(Given records Opens)

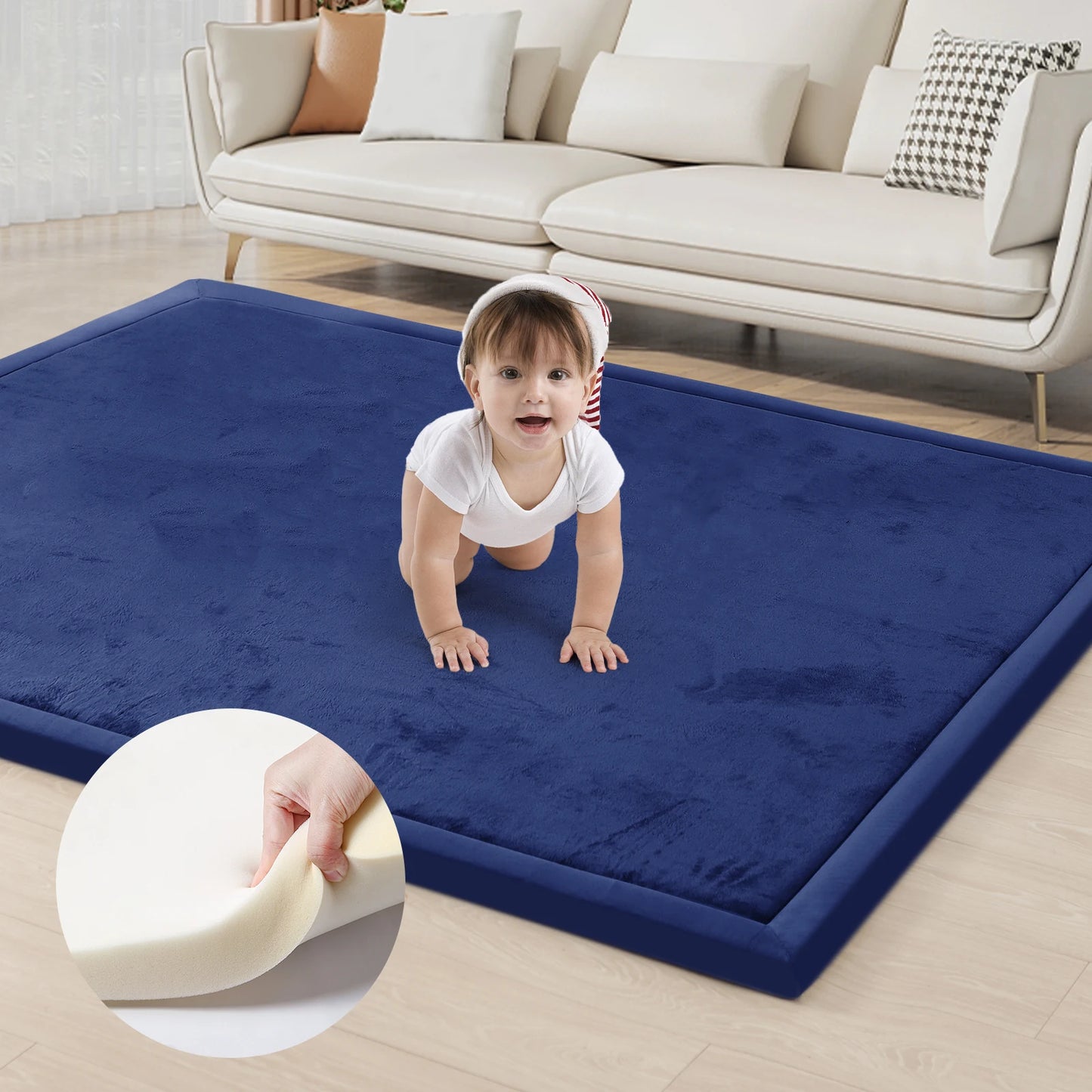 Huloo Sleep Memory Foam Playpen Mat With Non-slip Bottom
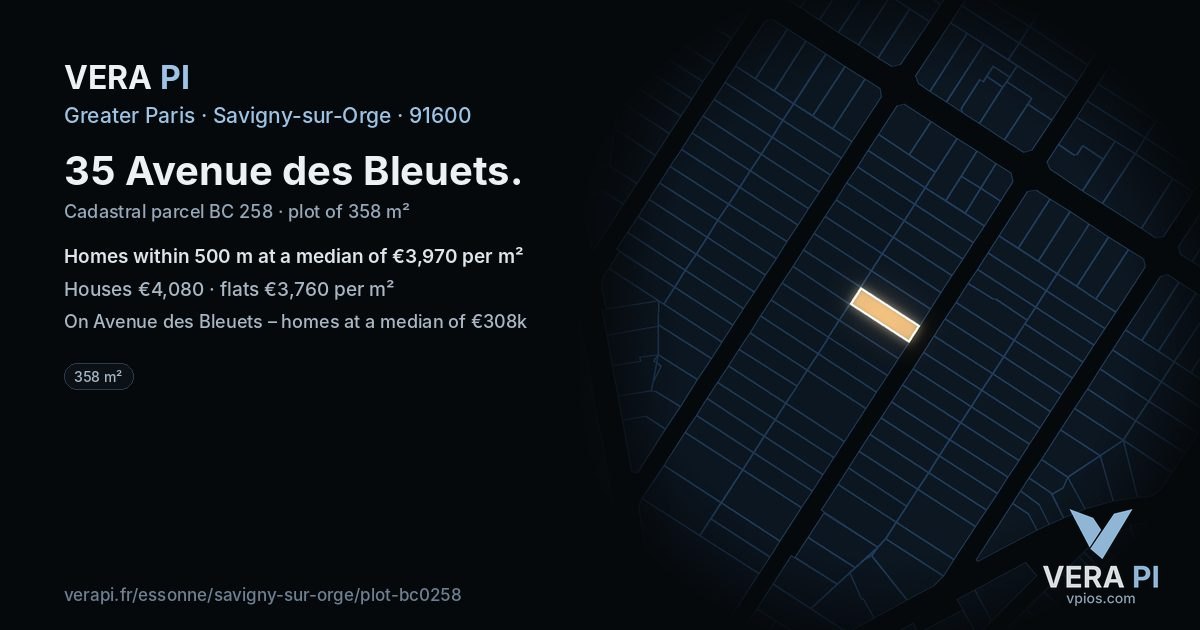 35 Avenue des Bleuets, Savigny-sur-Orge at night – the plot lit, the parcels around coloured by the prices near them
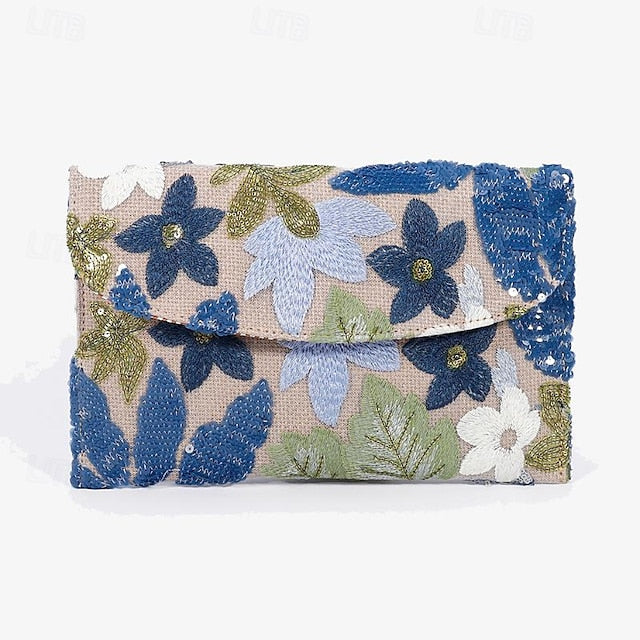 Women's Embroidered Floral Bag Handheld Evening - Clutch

(Given records Closes)
(Given records Opens)

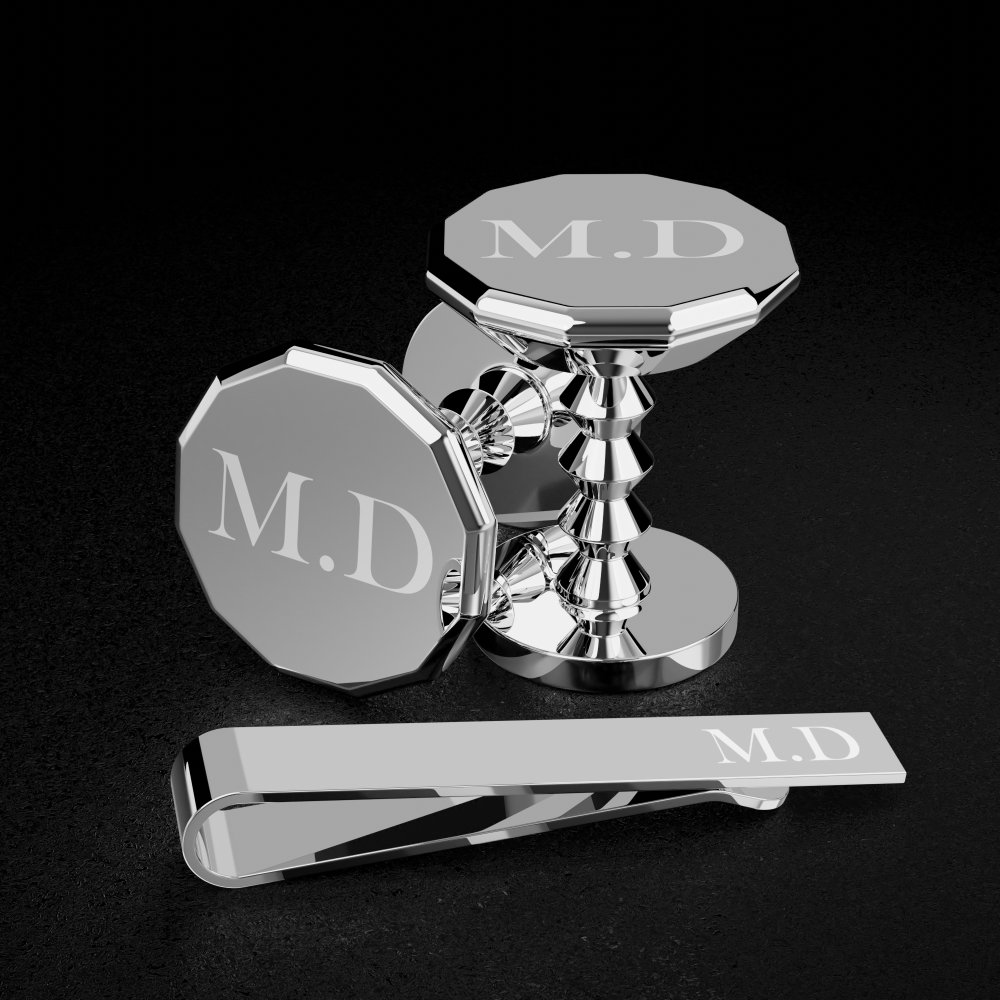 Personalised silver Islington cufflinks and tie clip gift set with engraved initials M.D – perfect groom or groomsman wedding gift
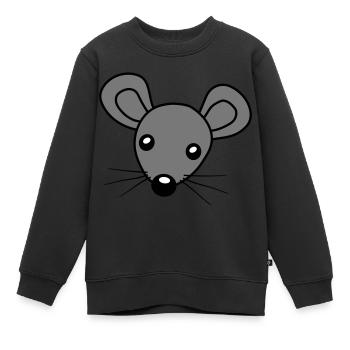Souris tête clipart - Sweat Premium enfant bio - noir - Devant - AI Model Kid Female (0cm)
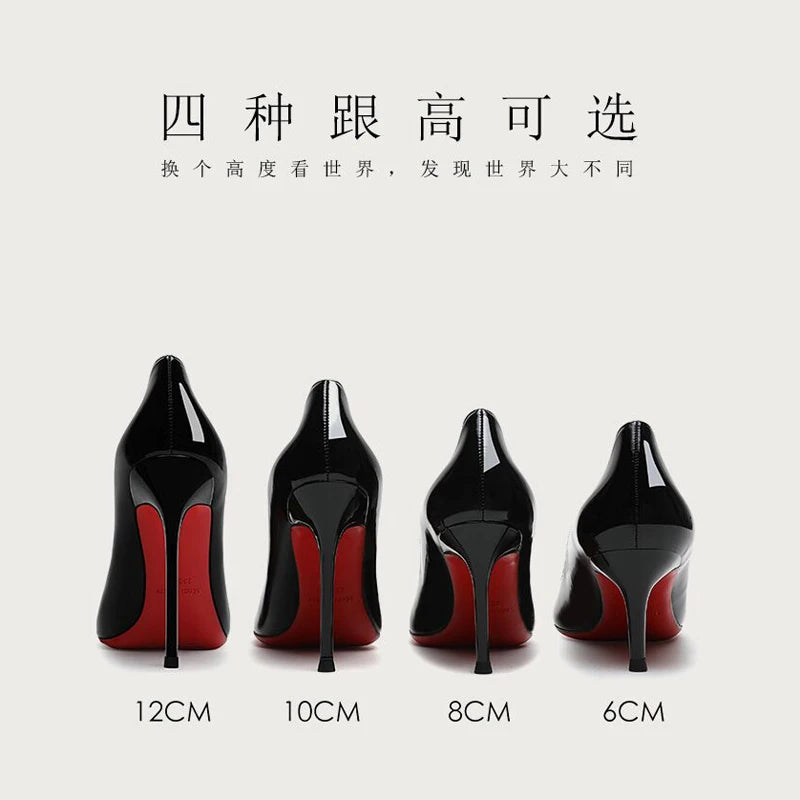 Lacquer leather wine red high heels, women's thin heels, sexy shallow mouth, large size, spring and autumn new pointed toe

(Given records Closes)
(Given records Opens)

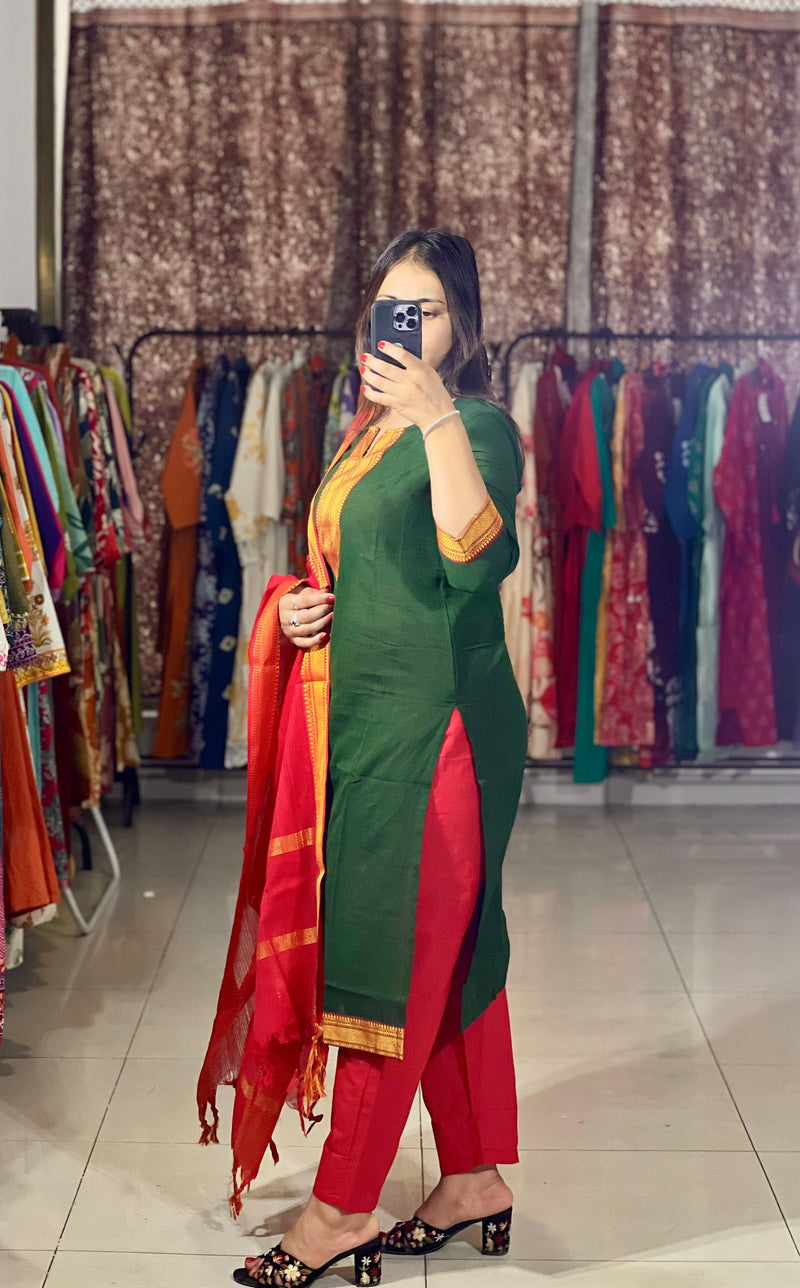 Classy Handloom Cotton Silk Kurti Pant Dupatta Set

(Given records Closes)

Above, find the line holding "Souris tête clipart" and the line holding "Lacquer leather wine". Print exactly those two lines and every line between them, but no pictures.

Souris tête clipart - Sweat Premium enfant bio - noir - Devant - AI Model Kid Female (0cm)
 Lacquer leather wine red high heels, women's thin heels, sexy shallow mouth, large size, spring and autumn new pointed toe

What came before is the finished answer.